Project Euler — Problem 57 Solution

Problem

It is pos­si­ble to show that the square root of two can be expressed as an infi­nite con­tin­ued frac­tion.

image

By expand­ing this for the first four iter­a­tions, we get:

1 + 1/2 = 3/2 = 1.5

1 + 1/(2 + 1/2) = 7/5 = 1.4

1 + 1/(2 + 1/(2 + 1/2)) = 17/12 = 1.41666…

1 + 1/(2 + 1/(2 + 1/(2 + 1/2))) = 41/29 = 1.41379…

The next three expan­sions are 99/70, 239/169, and 577/408, but the eighth expan­sion, 1393/985, is the first exam­ple where the num­ber of dig­its in the numer­a­tor exceeds the num­ber of dig­its in the denom­i­na­tor.

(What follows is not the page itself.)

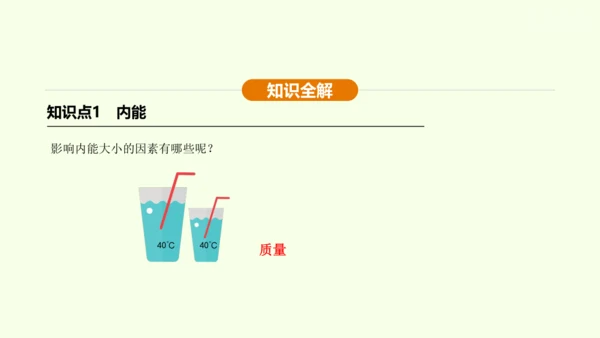 人教版 初中物理 九年级全册 第十三章 内能 13.2 内能课件（36页ppt）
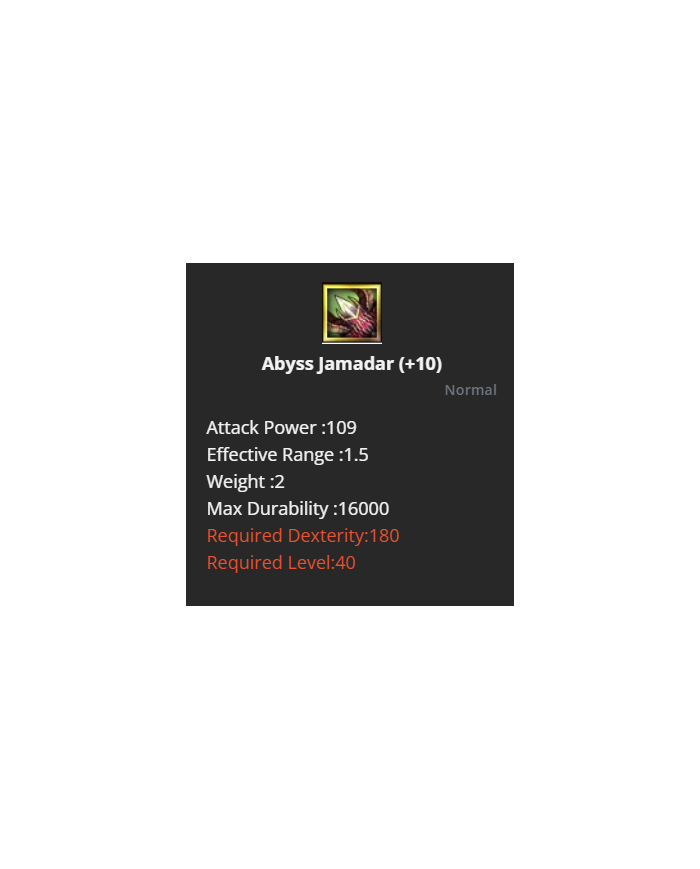 +10 Abys Jamadar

In the first one-thou­sand expan­sions, how many frac­tions con­tain a numer­a­tor with more dig­its than denom­i­na­tor?

Solution

// define function to return all the numerator-denominator pairs for the first n expand
let expand n =
    Seq.unfold (fun (num, denom) -> Some((num, denom), (denom*2I+num, denom+num))) (3I, 2I)
    |> Seq.take n

let answer =
    expand 1000
    |> Seq.filter (fun (num, denom) -> num.ToString().Length > denom.ToString().Length)
    |> Seq.length

If you look at the pat­terns 3/2, 7/5, 17/12, 41/29, and so on, it’s easy to spot a pat­tern where the numer­a­tor and denom­i­na­tor of iter­a­tion n can be derived from the iter­a­tion n-1:

Numerator(n) = Numerator(n-1) + 2 * Denominator(n-1)

Denominator(n) = Numerator(n-1) + Denominator(n-1)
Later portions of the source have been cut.